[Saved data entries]
_ _ _ _ _ _ _

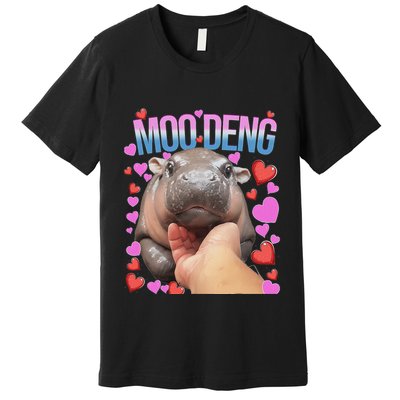 The Famous Moo Deng Pygmy Baby Hippo Moo Deng Cute Moodeng Premium T-Shirt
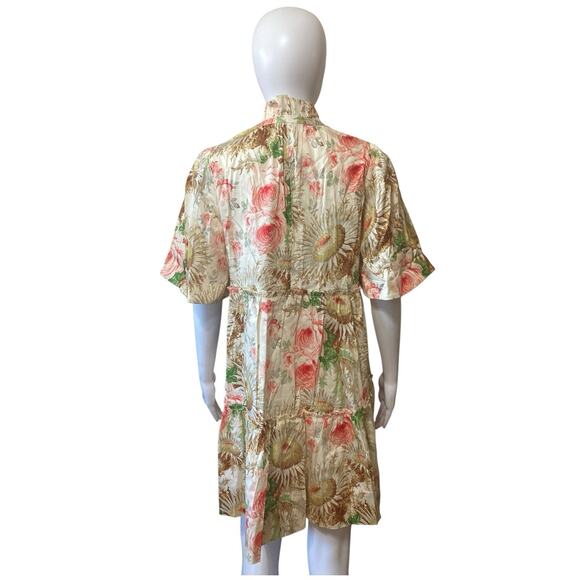 Tuckernuck Sun Faded Floral Crawford Dress Size Large Short Sleeve - Picture 4 of 6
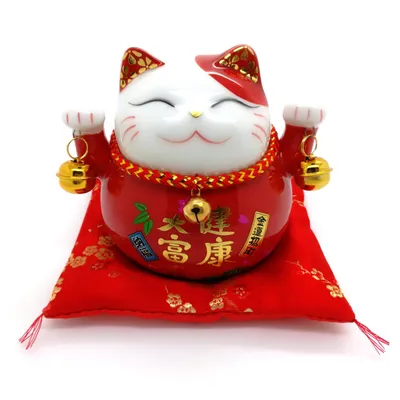 Produktbild von 12cm Spardose als Keramik Winkekatze HF17039-1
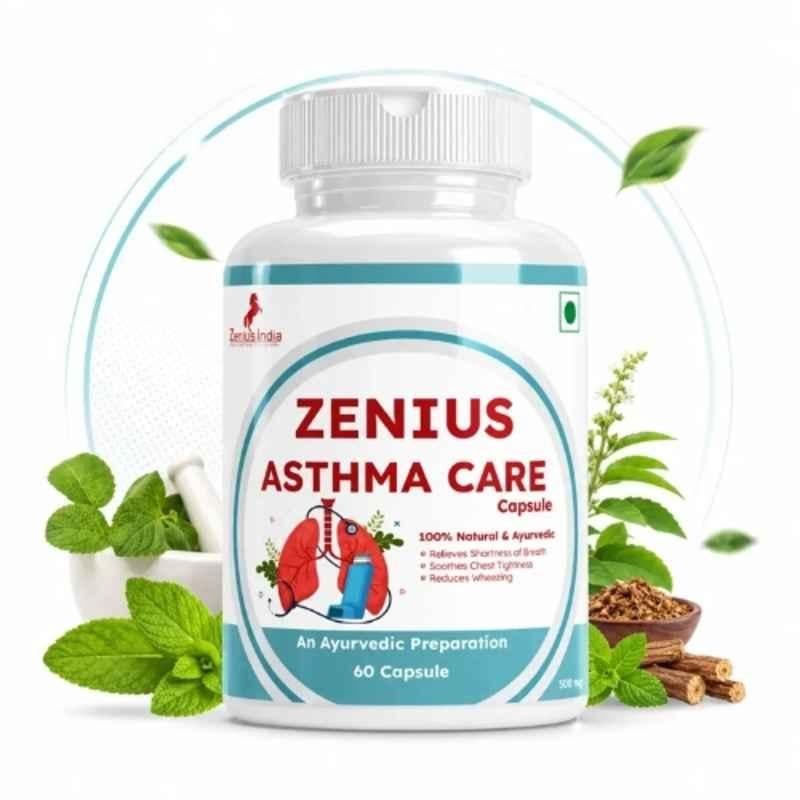 Zenius India 60 Pcs Asthma Care Capsule with Vasa, Tulsi, Mulethi, Shringi, Kapoor Kachri & Giloy for Respiratory Support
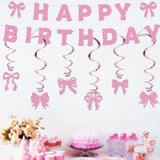 Themed Party Supplies Bowknot Birthday Banner – Glitter Cutout Letters & Spiral Hanging Decorations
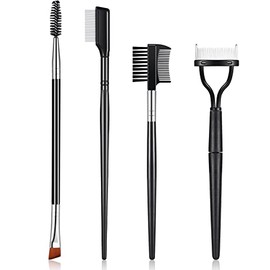 4 piezas de peine separador de pestañas, cepillo de pestañas de metal, cepillo de cejas de acero, peine plegable de metal, cepillo de pestañas para...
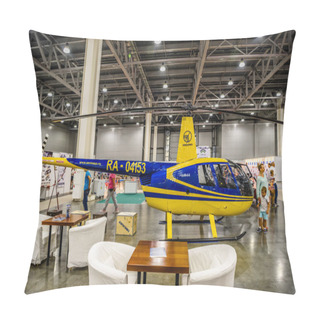 Personality  MOSCOW - AUG 2016: Robinson R44 Helicopter Presented At MIAS Moscow International Automobile Salon On August 20, 2016 In Moscow, Russia Pillow Covers
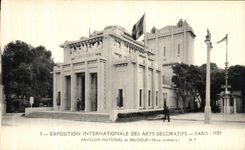 VINTAGE POSTCARD Paris International exhibition Of Decorative Arts House of Belgium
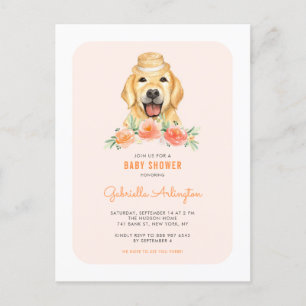 Niedlich Golden Retriever Peach Floral Baby Dusche Einladungspostkarte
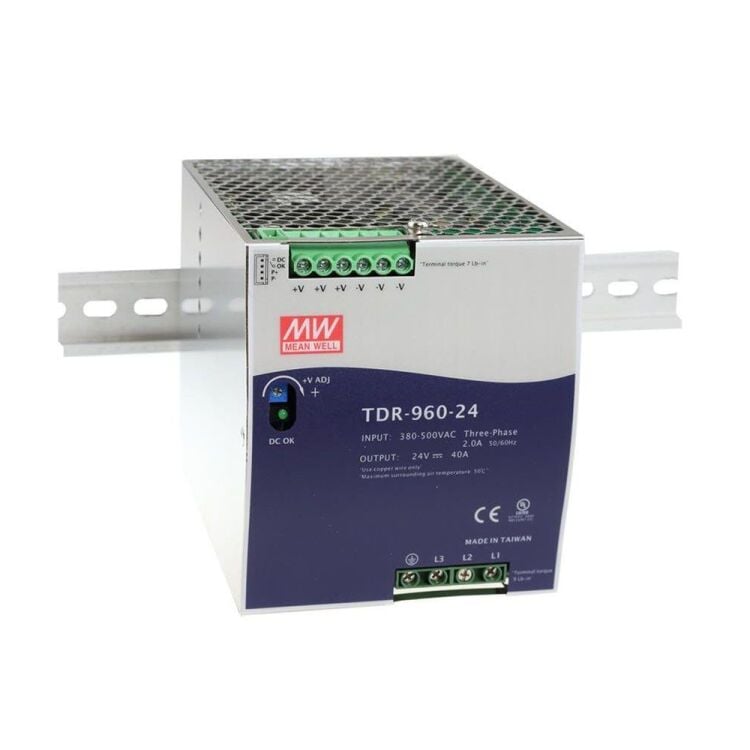 TDR-960-24 24V Çıkış 40A 960W Ray Montaj SMPS Güç Kaynağı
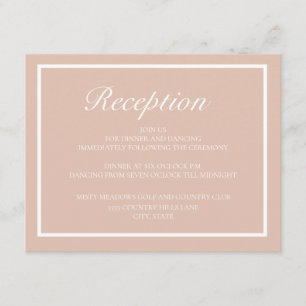 Cartão De Informações Elegante Recepção de Casamento Moderna Rosa e Bran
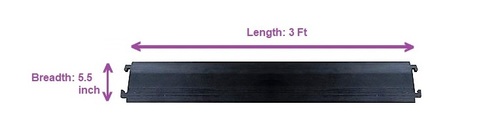 Black Double Channel Cable Protection Cover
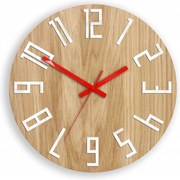 Zegar na ścianę nowoczesny drewniany z dużymi cyframi okrągły cichy loft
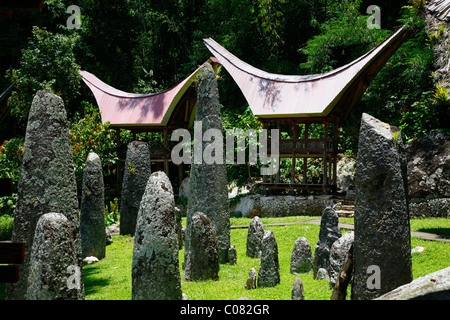 Complexe Mégalithique, Kalimbuang Bori, la culture Toraja de Sulawesi, Indonésie, Asie, Banque D'Images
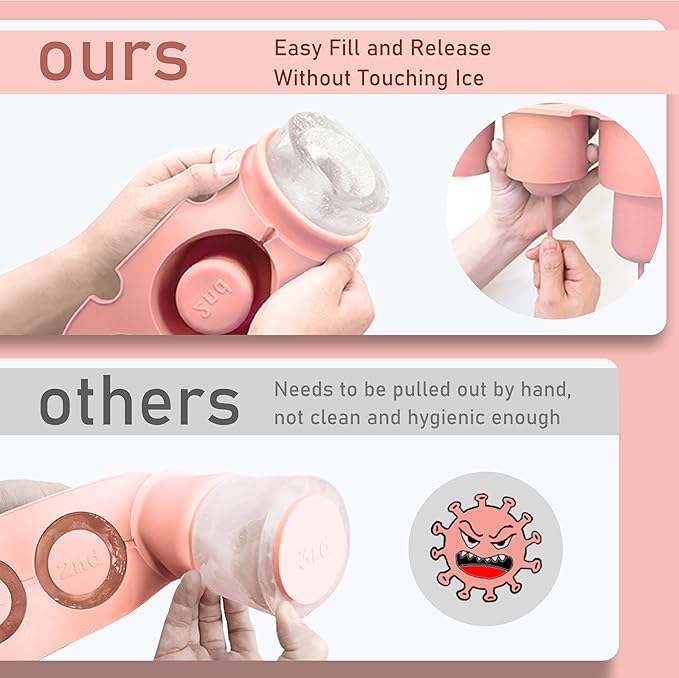 2PC Ice Mold for Stanley Cup 30/40 Oz - Easy Fill and Release Without Touching Ice, Silicone Ice Cube Tray with Clear Lid and Bin for Freezer, Whiskey, Cocktail (Pink+Pink)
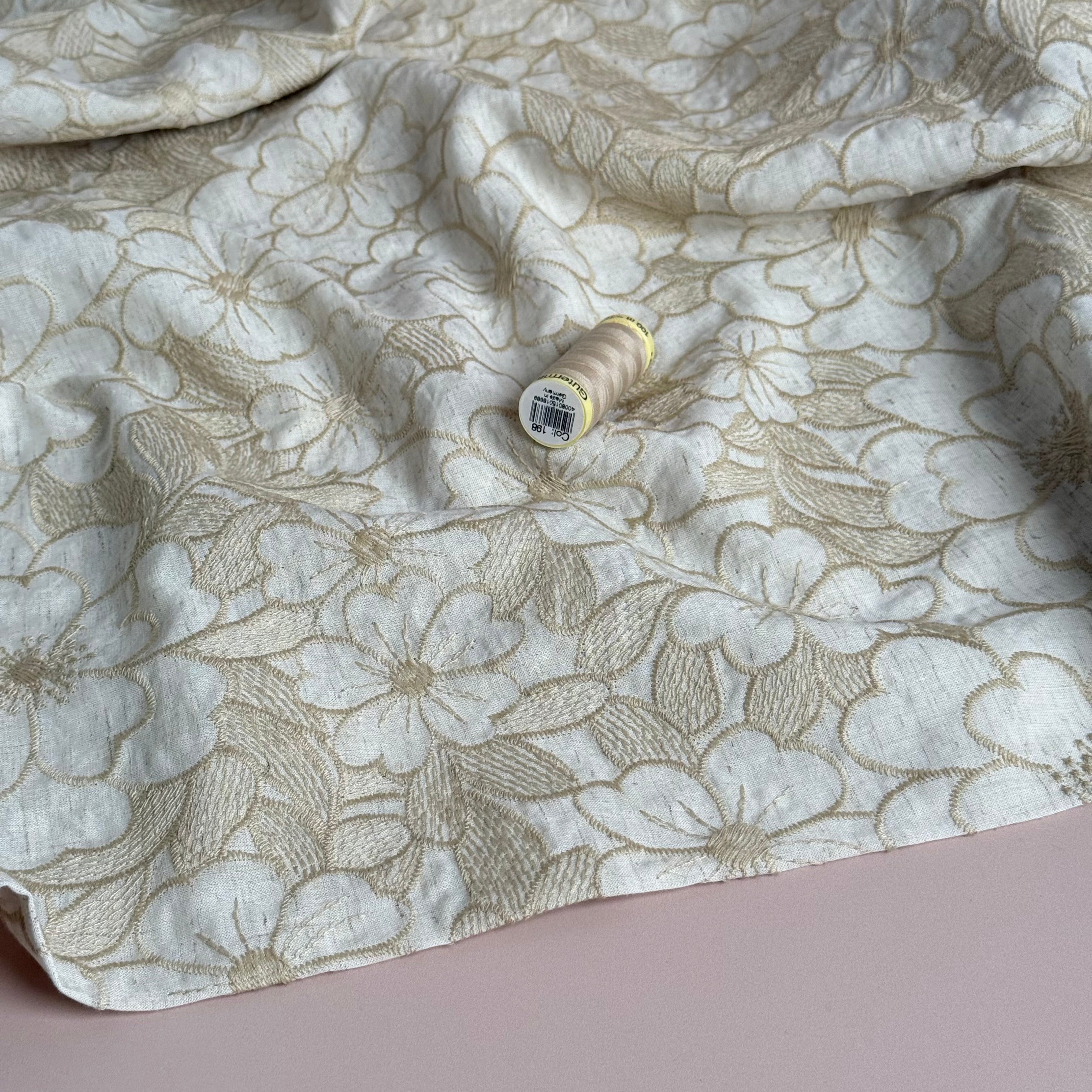 PRE-ORDER (arriving by end of May) Embroidered Flowers on Natural Cotton Fabric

_ _ _ _ _ _ _

About this task
Copy the entries above exactly from the line with "Zegar na ścianę" down to their last line, both ends included. Do not copy any pictures.

Solved problem
 Zegar na ścianę nowoczesny drewniany z dużymi cyframi okrągły cichy loft
 Complexe Mégalithique, Kalimbuang Bori, la culture Toraja de Sulawesi, Indonésie, Asie, Banque D'Images
 2PC Ice Mold for Stanley Cup 30/40 Oz - Easy Fill and Release Without Touching Ice, Silicone Ice Cube Tray with Clear Lid and Bin for Freezer, Whiskey, Cocktail (Pink+Pink)
 PRE-ORDER (arriving by end of May) Embroidered Flowers on Natural Cotton Fabric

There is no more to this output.